*DATA SEGMENT*.
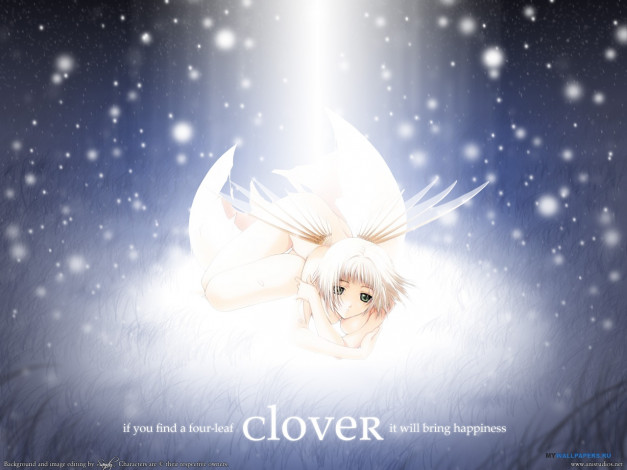 Обои картинки фото аниме, clover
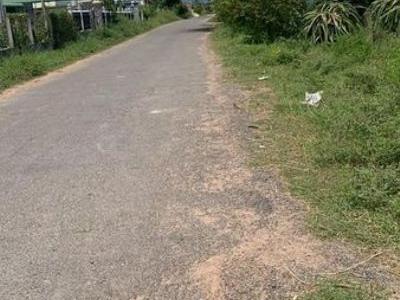 1429m2 đất cln thuộc thôn 1 Hàm Đức, ngã 3 cây đào đi vào.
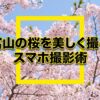 富山の桜を美しく撮るスマホ撮影術のタイトル画像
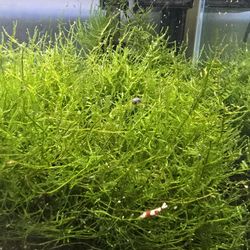 Aquarium Plants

*TASK DIRECTIONS*. Copy all the material word for word, minus its pictures.

*WRITTEN SOLUTION*.
 Обои картинки фото аниме, clover
 1429m2 đất cln thuộc thôn 1 Hàm Đức, ngã 3 cây đào đi vào.
 富山の桜を美しく撮るスマホ撮影術のタイトル画像
 Aquarium Plants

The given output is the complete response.